Il momento centrale dell’evento è stata la lettura e la successiva firma del Patto di Gemellaggio da parte dei due sindaci. Il documento è stato siglato in quattro copie, due per la sfera civile e due per quella ecclesiastica, formalizzando l’avvio di una cooperazione a lungo termine tra il comune salentino e quello etneo.

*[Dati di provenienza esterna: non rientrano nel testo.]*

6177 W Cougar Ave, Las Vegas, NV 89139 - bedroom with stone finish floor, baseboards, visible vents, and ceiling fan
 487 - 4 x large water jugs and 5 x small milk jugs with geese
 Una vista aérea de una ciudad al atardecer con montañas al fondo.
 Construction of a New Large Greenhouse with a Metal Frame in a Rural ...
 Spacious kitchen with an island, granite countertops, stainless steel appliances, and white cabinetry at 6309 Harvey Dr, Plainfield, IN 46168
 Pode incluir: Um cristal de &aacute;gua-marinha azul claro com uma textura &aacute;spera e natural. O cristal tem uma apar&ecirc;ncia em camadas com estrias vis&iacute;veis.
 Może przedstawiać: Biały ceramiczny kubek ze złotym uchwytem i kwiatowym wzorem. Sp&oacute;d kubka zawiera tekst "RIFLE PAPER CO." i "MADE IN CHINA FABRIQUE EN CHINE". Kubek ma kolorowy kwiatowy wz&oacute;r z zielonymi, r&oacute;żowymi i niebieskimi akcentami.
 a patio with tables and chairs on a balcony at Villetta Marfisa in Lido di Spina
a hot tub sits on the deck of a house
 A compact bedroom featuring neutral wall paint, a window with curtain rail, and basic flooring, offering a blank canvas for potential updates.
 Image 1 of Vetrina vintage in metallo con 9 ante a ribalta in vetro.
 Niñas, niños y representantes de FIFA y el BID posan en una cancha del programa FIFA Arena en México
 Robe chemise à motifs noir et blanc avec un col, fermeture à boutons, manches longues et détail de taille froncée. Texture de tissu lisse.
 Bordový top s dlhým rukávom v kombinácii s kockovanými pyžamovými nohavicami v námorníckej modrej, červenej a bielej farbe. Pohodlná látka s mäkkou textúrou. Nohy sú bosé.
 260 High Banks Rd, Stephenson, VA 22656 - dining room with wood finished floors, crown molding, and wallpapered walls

Autorità presenti alla cerimonia
L’incontro ha registrato una significativa partecipazione delle massime autorità civili ed ecclesiastiche di entrambi i territori. La giunta comunale gallipolina e numerosi consiglieri comunali hanno accolto la delegazione catanese di alto profilo istituzionale.
Per la città di Catania, erano presenti il sindaco Enrico Trantino, l’assessore alle Pari Opportunità e Politiche Giovanili Viviana Lombardo, l’Arcivescovo Metropolita di Catania Mons. Luigi Renna, il presidente del Comitato per la Festa di Sant’Agata Carmelo Grasso e il sovrintendente del Teatro Massimo Bellini di Catania Giovanni Cultrera di Montesano.
A fare gli onori di casa, al fianco del sindaco di Gallipoli Flavio Fasano, c’era la massima espressione della Diocesi di Nardò-Gallipoli, guidata dal Vescovo Mons. Fernando Filograna, insieme a Don Piero De Santis, riconosciuto come motore spirituale di questo storico traguardo.
Il gemellaggio rappresenta un ponte tra due realtà del Sud Italia, con l’obiettivo di condividere esperienze e promuovere uno sviluppo congiunto, rafforzando i legami identitari e le opportunità reciproche.